Wally Swist’s new book, Huang Po and the Dimensions of Love, was chosen by Yusef Komunyakaa as a co-winner in the Crab Orchard Series Open Poetry Competition, and will be published by Southern Illinois University Press in the spring of 2012.
Elizabeth Kerlikowske’s Her Chores, an instant chapbook and minibroadside, are out from Binge Press. Book tour of four authors May 13-16, in Kalamazoo, MI, Detroit, Buffalo, NY, and Saginaw, MI. Watch for us!
Ellen Bass is featured on the cover of the current American Poetry Review and has ten poems in the issue as a special supplement.
Pamela Malone has a blog on opensalon.com and has posted two essays thus far, “Overwhelmed” and “What Makes An Icon an Icon.” She also have a flash essay, called a Flash in the Pan, titled “There” at Tiny Lights, a journal of personal narrative.
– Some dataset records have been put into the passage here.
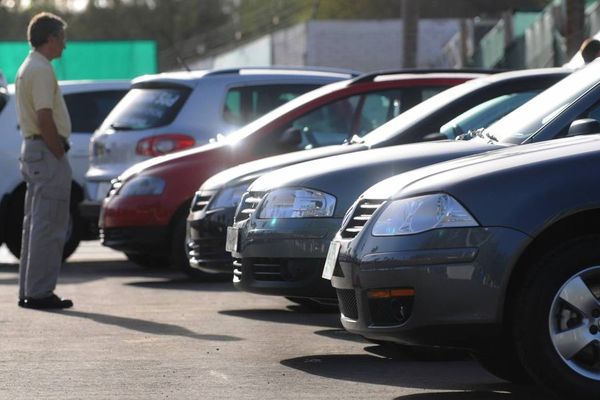 Cae uno que alguilaba autos y los vendía, sospechan que hacía en complicidad con dueños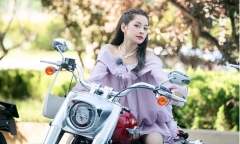 Chi Pu tiếp tục lập kỷ lục tại đất nước triệu dân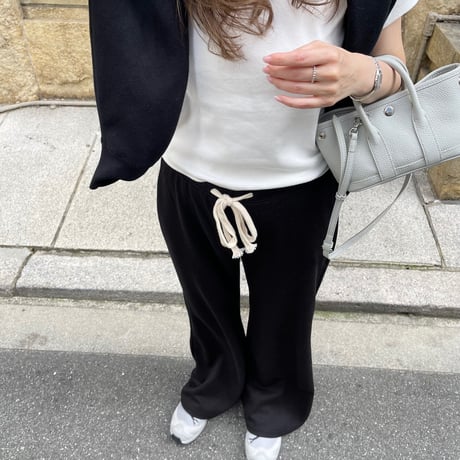 Soft flare sweat pants(Black)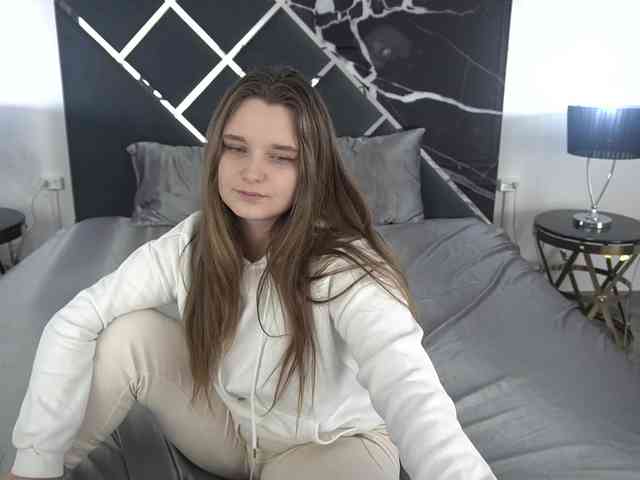 MagikPeachh webcam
Kathleen Kirk will participate in a group poetry reading at Woman Made Gallery, 685 N. Milwaukee, Chicago, IL, on Sunday, April 10, 2-4 p.m., as part of the 14th International Open, a exhibit of art by women from around the world. She has new work out now or soon in Right Hand Pointing, Eclectica, and Burnt Bridge.
D. I. Gray reports on two previous nonfiction publications: “Carrying a Book of Myths: On Modern Motherhood, second place winner of Women’s History Month essay contest in 2007, and “A Radical Reconfiguration: Academia, Islam, and the Pragmatic as Lenses for the Modern Feminist Predicament” first place winner in the 2006 Women’s History Month essay contest.
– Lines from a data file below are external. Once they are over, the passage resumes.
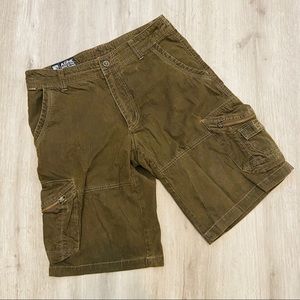 Men’s Kuhl Shorts Army Green Size 32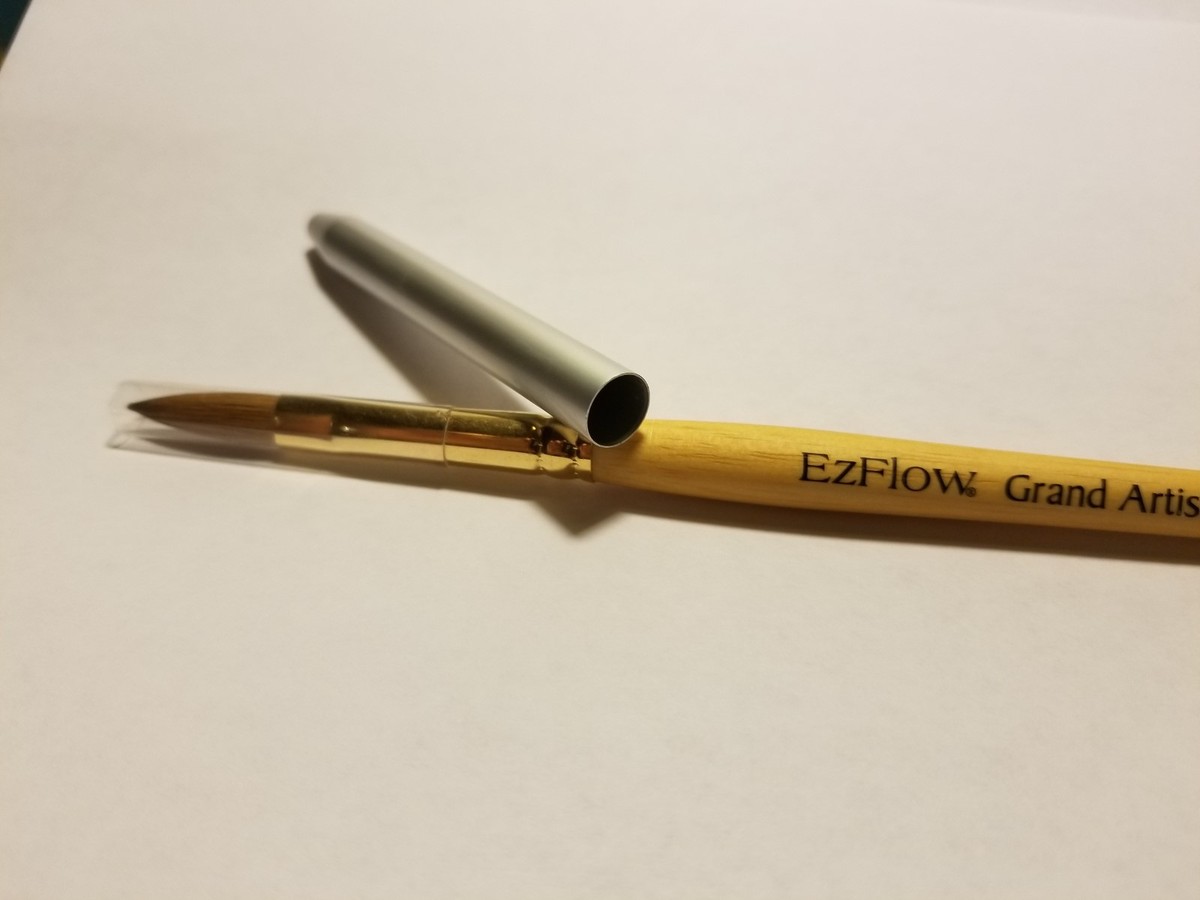 Kolinsky EzFlow GA Acrylic Brush Oval # 8 w/ Metal Cap 60251 Kolinsky EzFlow GA Acrylic Brush Oval # 8 w/ Metal Cap 60251
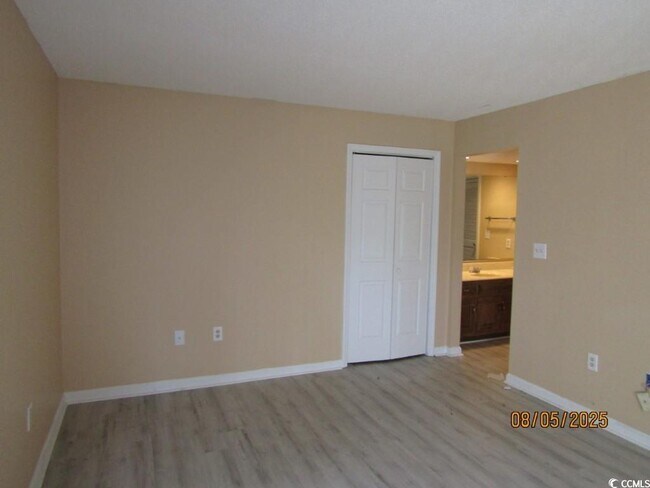 Building Photo - 4222 Pinehurst Cir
Connie Vogel Adamkiewicz’s essay, “The Junonia”, was accepted by Snowy Egret.
Patti Wojcik Wahlberg writes that her writing career has been filled with many name changes. I first came to know her when she appeared in Kiss Me Goodnight (as Patti Couch Wahlberg). In Slipstream and The Blue Mouse she has work under the name Patti Couch. That also is the name on her chapbook, Doomflower, which was published by the Laguna Poets. When her work appeared in Up Against the Wall, Mother in the 1990s, it was under the name Patti Patronite. Maybe this will help you find past publications by Patti Wojcik Wahlberg, the name she is sticking with these days!
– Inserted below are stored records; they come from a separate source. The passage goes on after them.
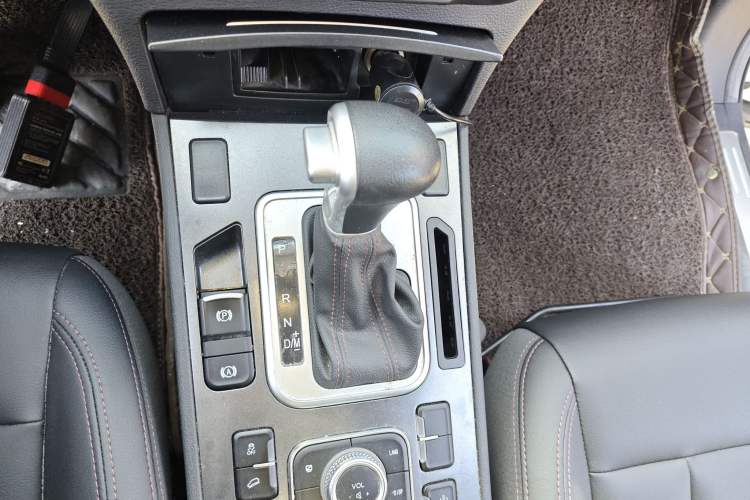 Used Haval H6 Coupe 2018 Red-Label 1.5T Automatic Two-Wheel Drive Luxury Model Gear Lever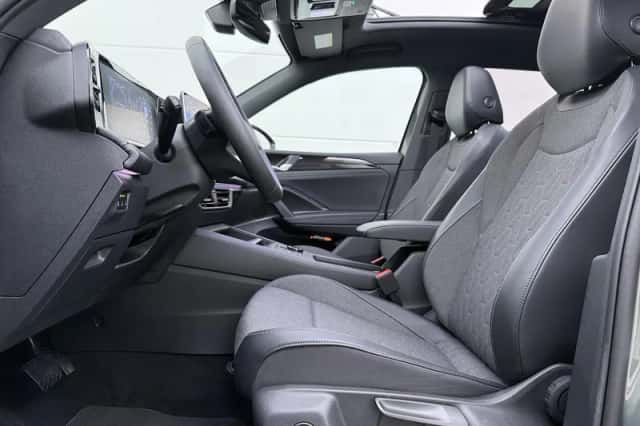 Volkswagen Tiguan (2025) thumbnail 4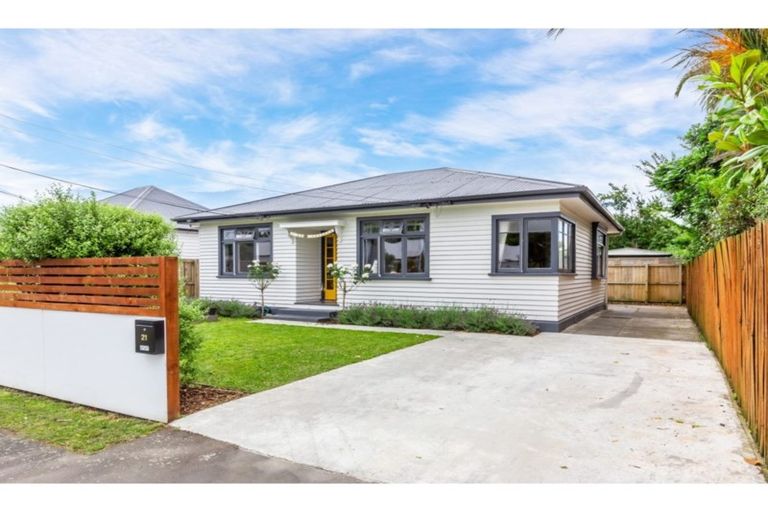 Photo of property in 21 Poulson Street, Addington, Christchurch, 8024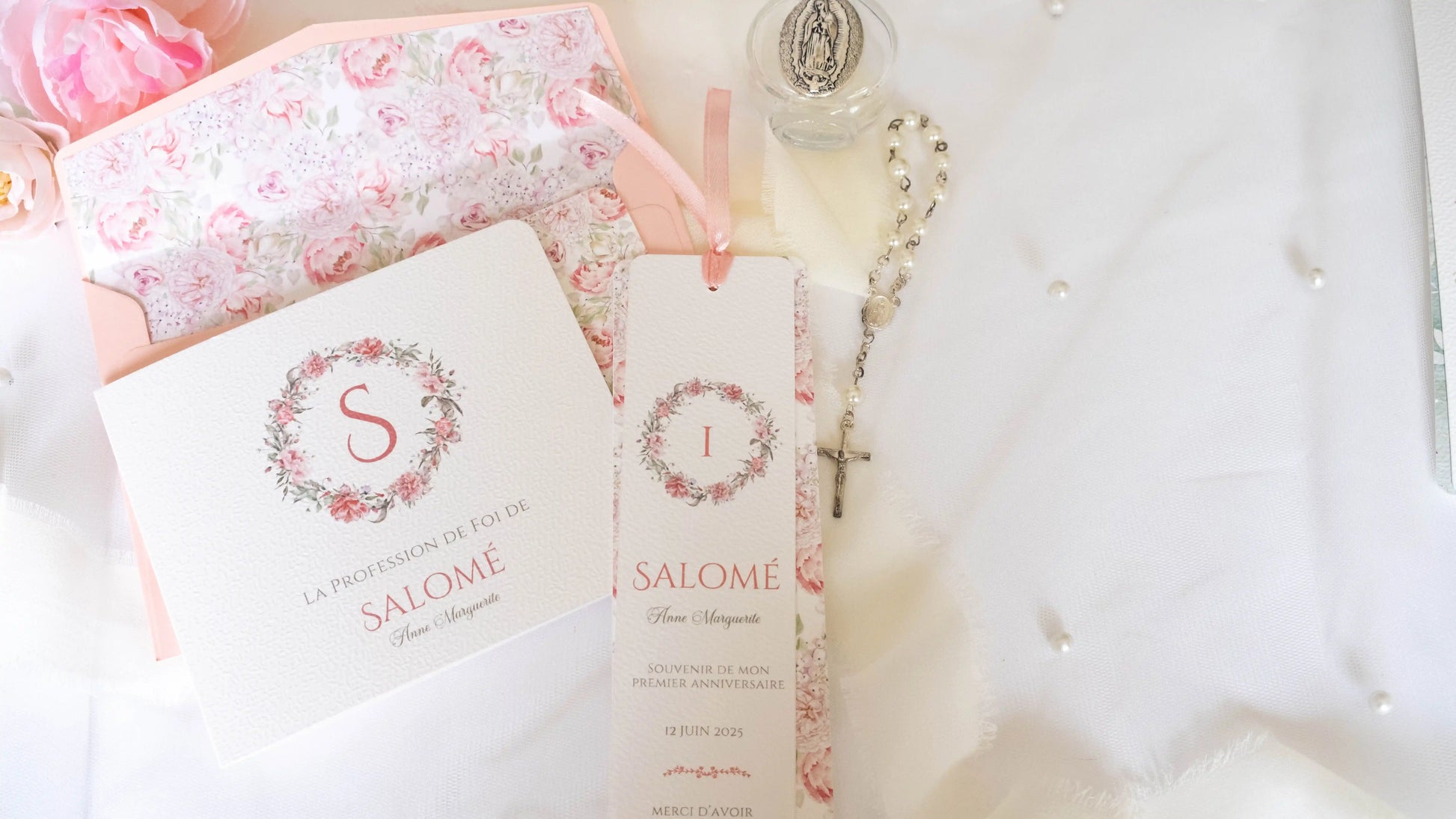 Signet Personnalisé de Baptême ou de Communion Fleuri Rose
The book I have been most excited about, next to Solace in So Many Words, is When the Killing’s Done by T. C. Boyle. Receiving stellar reviews from coast to coast, the book, his 12th novel has been said to be his best one yet. Barbara Kingsolver called it “a smart and rollicking novel, with suspense and shipwrecks galore” in her New York Times Review. Richard Rayner of the Los Angeles Times, says of T. C. Boyle, “He’s never not a funny writer, whether flexing his muscles in the delirious sprints that are his short stories, or in the intricately plotted and sometimes slightly schematic marathons of novels like this one; he writes lyrically, beautifully — about the ocean, the land, about California history and its pitfalls and perils.”